There is something to be said of waking up in the morning in a city other than your own. I find the experience to be a bit transcendental, if only for the duration of our stay; The same person waking up in someone else’s shoes. The location which we choose to live greatly affects the experience.
When we were planning our trip to Mexico City, we teeter-tottered between a standard hotel in the heart of Roma, where we would have a view of the Angel de Independencia and be surrounded by other extranjeros eager to walk to streets, equally unfamiliar with the rules, and an AirBNB apartment located in the Guerrero, slightly away from the main road. I am extremely happy we went with the latter.
The perks of AirBNB are known to many, and the world over too. It was significantly cheaper to rent this apartment for $40 per night, than it was to rent a single hotel room for upwards of $150 a night. This apartment is huge, big enough for Mike and I to permanently move into and be happy living in, and just as tempting an idea. It’s got a bit of history, being the home of a passed away father whose son wanted to dedicate the space to the man he loved. It is a mix between a modern renovation with recessed lighting and white walls, and a vintage memory, housing original kitchen tiles and a retro oven. An original brick wall acts as a beautiful backdrop in the small dining room, its corner intersecting with a contrasting black granite countertop and new wooden shelving. The shower is tall and modern, exhibiting good temperature and strong pressure as water falls onto a cobblestone floor on the opposite side of a thick pane of glass.

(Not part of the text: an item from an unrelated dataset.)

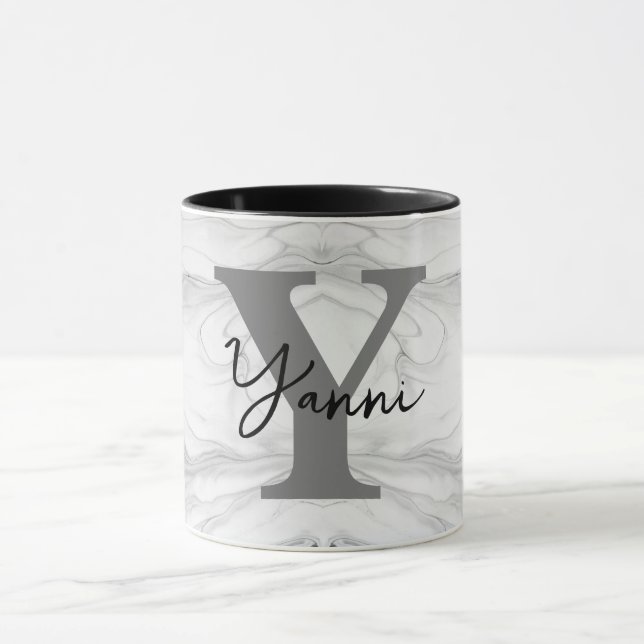 Modern and Classic Marble Monogram Letter Y Mug (Center)
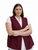 Plus Size Adult Burgundy Twill Patch Vest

The furnishings of the place is functional, and minimal, just our cup of tea.
But what I love most about choosing AirBNB is the way in which it helps us feel a bit more dissociated with our identity as foreigners. Admission into the apartment required meeting up with Chacha, a friendly man with afro hair and a big smile, who happens to own the tienda downstairs and slightly next door. After guiding us into the gated alleyway, painted yellow, a perfect signature of the surrounding buildings, he dropped us off in front of a bright blue door atop red marbled stairs. After a quick explanation of how to access the keys, and with an invitation to pop by his shop for any of our daily needs, off he went to leave us feeling completely displaced, but interestingly, happy to be so.
Light floods into the heavily windowed apartment, but even more so do the sounds, floating in through a broken window sill in the living room. Sounds of automobiles honking in the traffic of surronding busy streets, as expected in a city as populous as this. Sounds of a neighboring gal saying Buenas Tardes to Chacha as she bicycles her way into the gated alley across the street. The sound of mothers urging their ninos to walk just a bit faster as they hurry off to school. The sound of kids playing in the streets as the sun sets, and as the smells of neighboring kitchens slowly waft into our own.

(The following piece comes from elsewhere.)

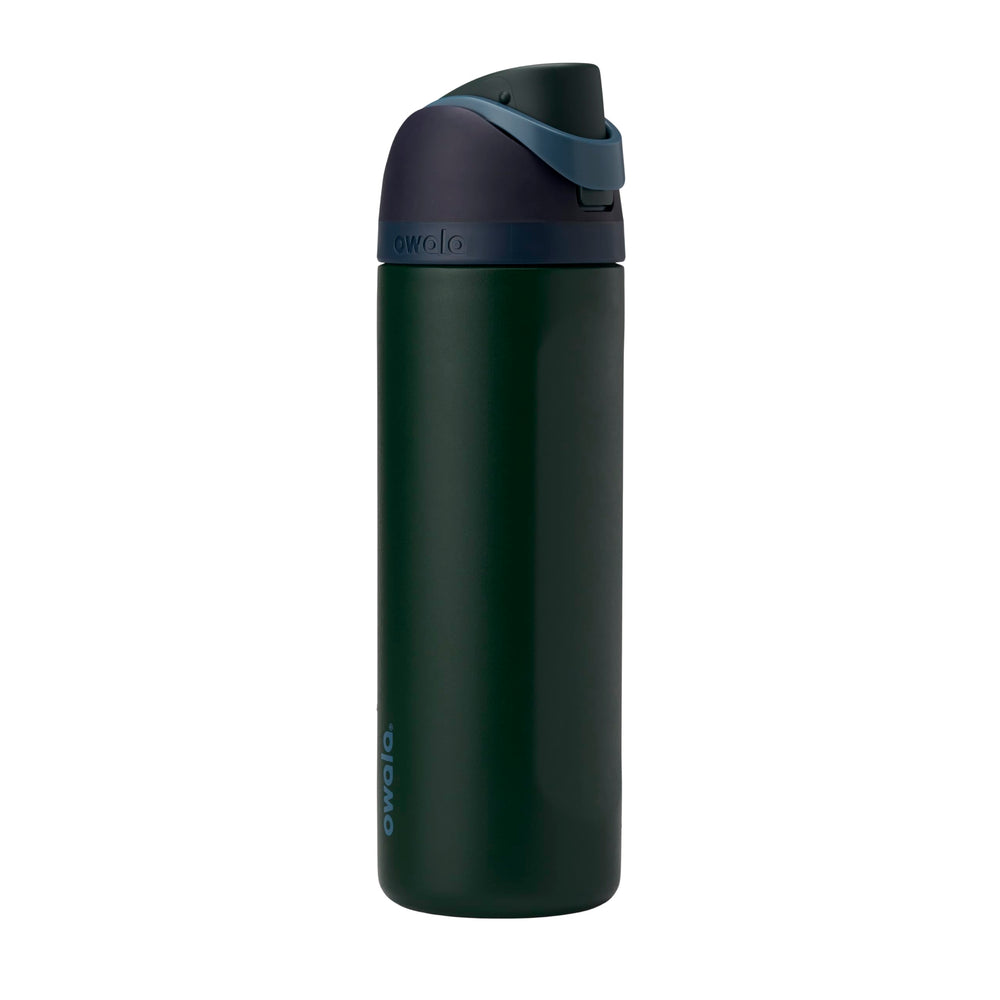 Owala botella frontal 24 oz mostrando diseño Lost Signal y portabilidad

Our location is close enough to the main street, La Reforma, that we can walk to it and be a straight shot away from the rest of the more affluent, tall, buildings and restuarant-laden streets (albeit a few miles down the way), where we and all the other visitors of Mexico may spend on the things we take for granted. But the location is remote enough from downtown that one turn in the opposite direction, and we see the people who live through their day to day on the streets, selling whatever they can, wearing clothes with holes and worn down shoes, sitting under plastic tents made of sticks to shield from both rain and sun.
From my window, I stare at graffiti walls on a chipping blue paint, and trash on the streets. Discarded crates left on their sides to rot. Cars dented, chipped, fading. It smells of city streets when it gets warm in the afternoons. It’s enough to keep one grounded. A beautiful reminder that although there is a small part of this city dedicated to entertaining people with some of the Top 50 restaurants in the world and historic sites and museums that contain so much beauty, there is a larger part that is just trying to get by one day at at time.
This is part of the feeling of being displaced. Taking part in the glamor and the glitz of what geoarbitrage can afford any American visiting Mexico, and also taking part in the reality of the people who live in it. Just as I feel in limbo with which language to speak, responding in whichever language they choose to speak with me, and not realizing when I make the switch, regardless of which person I am talking to. And for this I am grateful. I don’t think I would have ever experienced Mexico City in this way if, like many visitors, we decided to stay in the heart of it all, where every site was walkable, the streets are kept clean, and people speak English. And to hear Mike say, “I love this city”, after we just walked through an alleyway of streets filled with rubble and reeking of piss and filled with mostly men outdoors breaking down their home-made tiendas in the middle of the narrow street, it really makes me think that we could live here a few months to learn more about the culture and the people. I could get used to saying Buenos Dias to Chacha every morning, just as I could get used to the broken window sill, and the sounds of traffic, eating great food, and being surrounded by a friendly population of cuidadanos.
With that, I would highly recommend AirBNB in an attempt to integrate with the foreigners less and the locals more. I know it may throw some out of their comfort zone, but for what reasons do we really travel and can we really understand the lifestyles of fellow humans in other countries if we purposefully blind ourselves to it? Mike and I mostly travel to understand, to get some grasp of the larger world view, and to slowly put the pieces of a grand and complicated puzzle together. We will likely spend our lives doing it and never get close, except for little decisions such as these that help us get just a little bit closer.